Hey guys! Here is the latest from the pen studio. This was a custom pen for a famous tattoo artist here is Austin. He is actually from England, so you  foreign guys may know his name. His name is Steve Byrne. My wife knows his wife and my wife wanted a tattoo. So since he is an artist and likes to outline his artwork with a fountain pen, i made him this in trade. I took all my pens to his shop to check out and was shocked that he picked this material. Out of all of the beautiful materials i showed him, he chose this. I was shocked because i only took the other red stripe pen to show him and truly didnt think that he would chose, it. Why is this a big deal? Because it is the hardest thing i have had to work with. Why? Because there is only a single small stripe down the middle that has to be absolutely perfect!!!!!

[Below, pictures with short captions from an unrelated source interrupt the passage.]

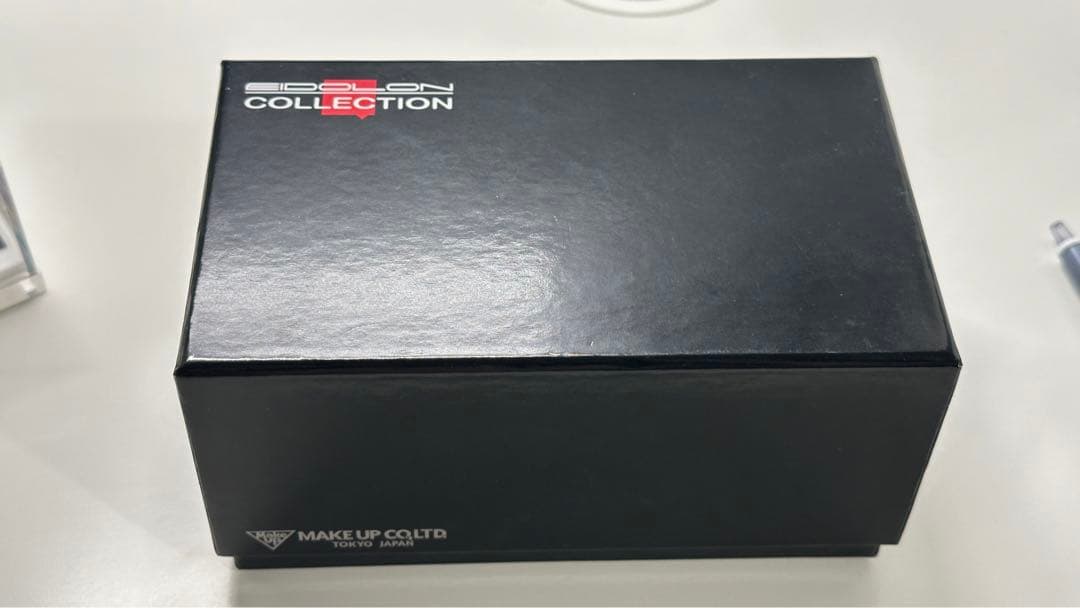 ミニカー Porsche Carrera GT2004Arctic White / Red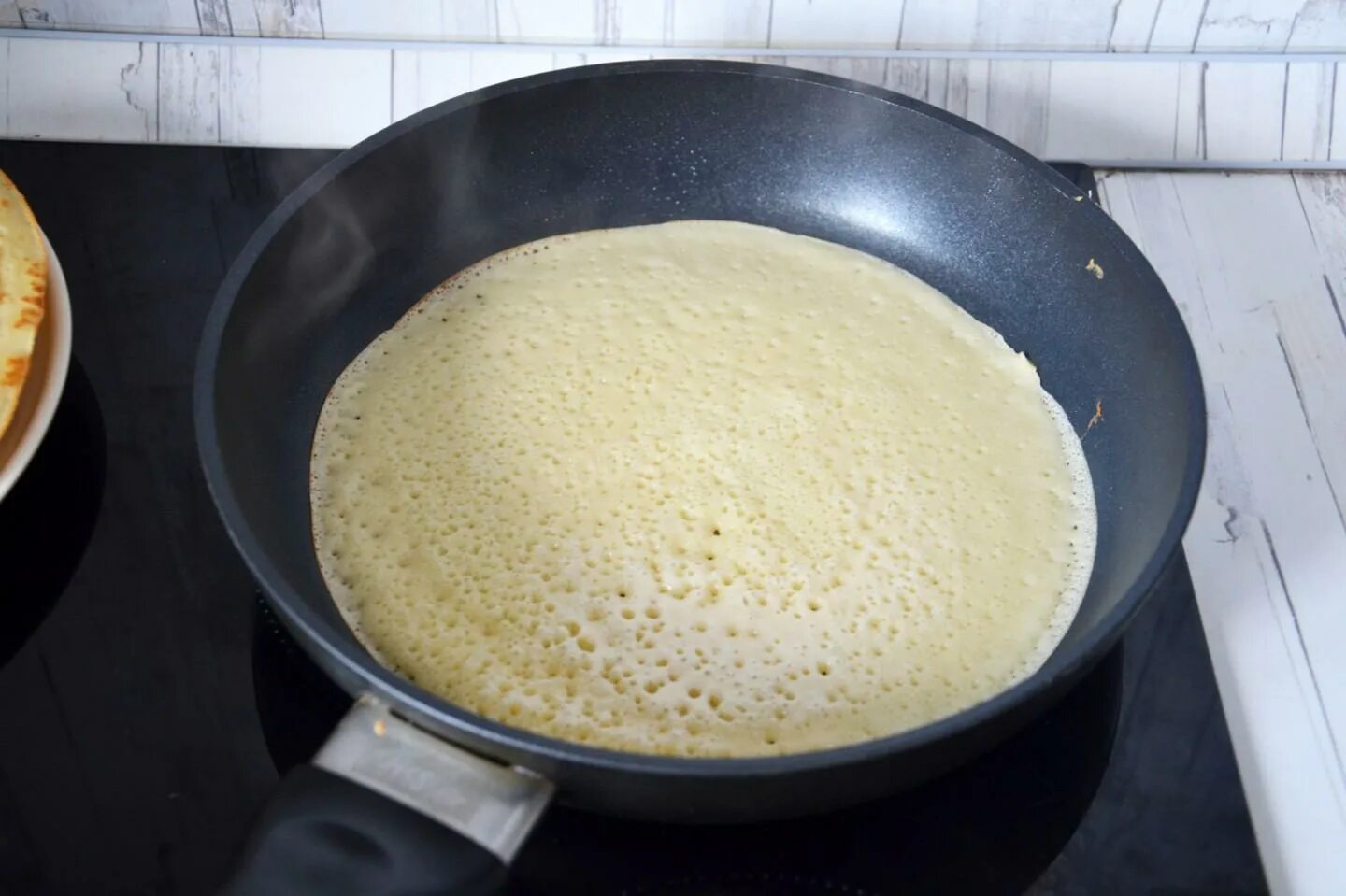 Что можно приготовить из ряженки быстро. Рецепты с ряженкой на сковороде. Рецепты с ряженкой на сковороде. Пряженцы фото. Рецепты с ряженкой на сковороде.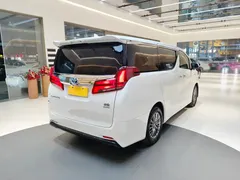 2020 Toyota Alphard Hybrid 2.5L Luxury, белый — фото 5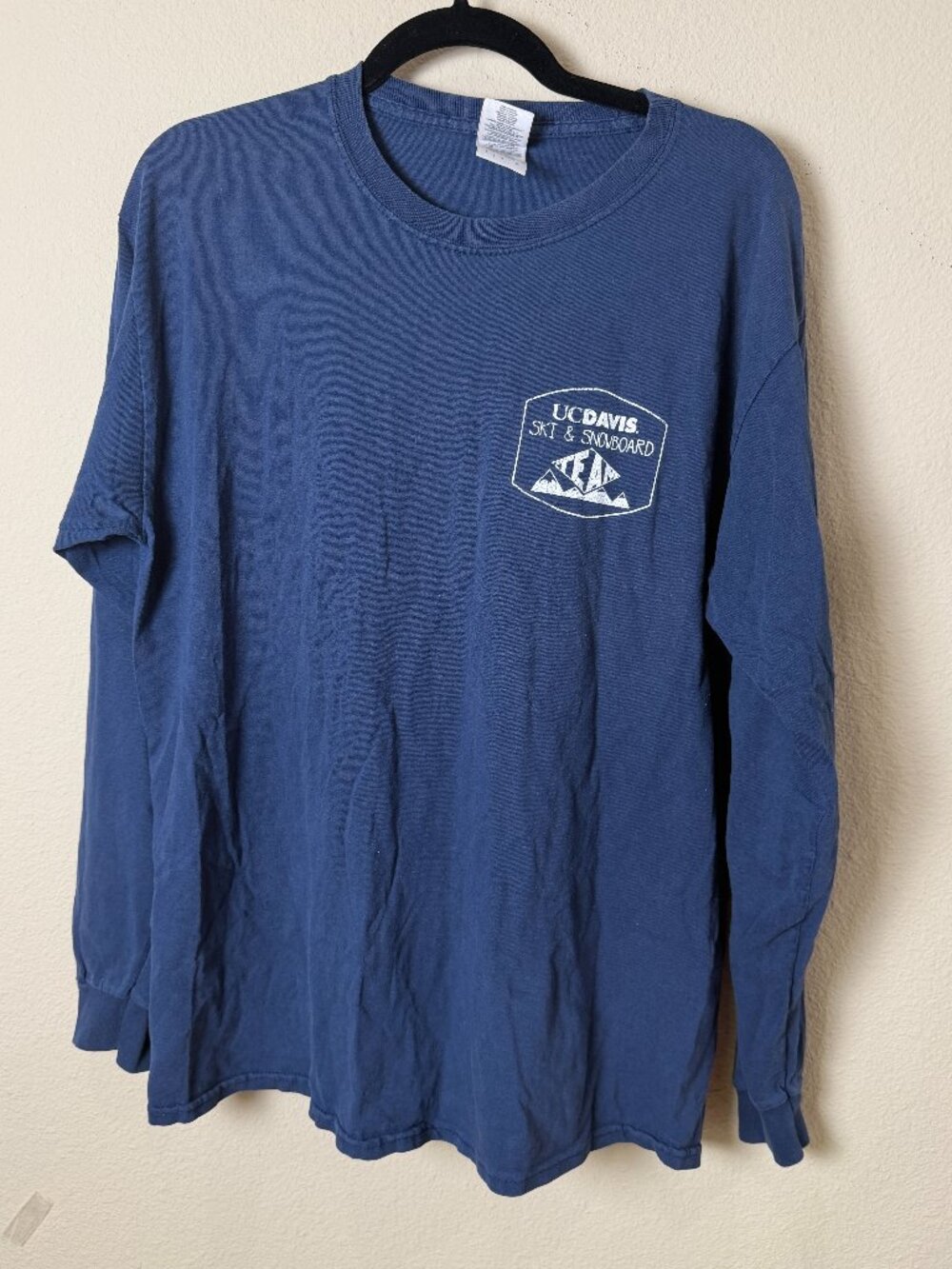 Gildan Navy Blue Long Sleeve UC Davis Ski & Snowboard Tee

This has been the hardest pen to make. I think the material is jinxed. I had to order a full rod because i was out of this material. The first time i tried to make a pen from this material a long time ago, i cracked the barrel. So i havent used it in a long time. A month or two ago, i made another, but didnt get the stripe perfect and some issues with the cap threads. so this was my third attempt at a perfect pen. So i had all of the pieces made and ready to turn. Turn the barrel fine, move on to the cap. Turned fine, sanded through 600 grit, went to wipe of the water and the paper towel got caught and tightened the cap on the mandrel and cracked the cap threads. CRAP!! So i get another piece. Get it all ready, turn it, sand through 600 grit, and go to sand with my micro mesh and again the cap tightens form the micro mesh and cracks the cap threads.CRAP!!! Figured out it was the delrin bushing i was using was worn out and was causing this cracking. So i make another bushing and grab another piece. Some how i was just a little off on my drilling so the line didnt line up properly. At this point almost the whole new rod that i bought was gone, i had enough for 1 more cap and a piece form the previous rod, which was enough to make 1 cap. So i grabded the smallest piece, got it ready, tapped and screwed it on.  CRAP!!! The red stripe on this piece was thinner then the barrel piece. I must have grabbed the left over from the first rod and the stripe was smaller. So, 5th times a charm right, yep 5th times a charm. So i grabbed the last piece i had and i prayed. If this didnt work out i was going to have to order another rod and start from scratch. Well it work, finally!!!!! So this is the first pen that i was able to make out of this material that was worth going to someone. This will also be the last time that i use this material. I will be removed from my stock

So here it is. This was made custom for him. He wanted the longest pen i made, as he has large hands, he wanted it clipless, with a curvier front section than i normally put on this model of pen and he wanted a #6 Broad nib for outlining artwork. Hope you like.

Thanks for Looking 

All Comments Welcome

Justin


----------



## MarkD (Dec 8, 2011)

I know first hand how frustrating it can be when things are not going right but it looks like your perseverance paid off in the end. 
The pen is stunning! I love the shape and the workmanship is outstanding. The threads even look perfect! 
I just hope that he don't have as much trouble with the tattoo!


----------



## Frank Nemke sr (Dec 8, 2011)

Tattoo's are mostly lines and I think he relates to that pen.  It looks like penstriping


----------



## cnirenberg (Dec 8, 2011)

Yup, 5th time's a charm.. I turned out awesome.  You have sucessfully steered me clear of that material, thanks in advance.


----------



## wiset1 (Dec 8, 2011)

Out of all of your pens, this is the one that speaks to me.  Nice!


----------



## bitshird (Dec 8, 2011)

Justin Sir, you have far more patience than Jobe, I think after the 3rd or 4th try there would have been much swearing, and placing curses on the maker of the material,and smashing of the parts. But you being above the normal standard of mortal pen makers, you persevered and WOW what a nice job you did, is the material Ebonite or Bakelite?


----------



## Andrew_K99 (Dec 8, 2011)

Although the festive colours don't work for me personally your level of perfectionism is outstanding and inspiring!  I'm nervous about drilling a segmented blank dead center, that would have given me fits!

AK


----------



## Timebandit (Dec 8, 2011)

MarkD said:


> I know first hand how frustrating it can be when things are not going right but it looks like your perseverance paid off in the end.
> The pen is stunning! I love the shape and the workmanship is outstanding. The threads even look perfect!
> I just hope that he don't have as much trouble with the tattoo!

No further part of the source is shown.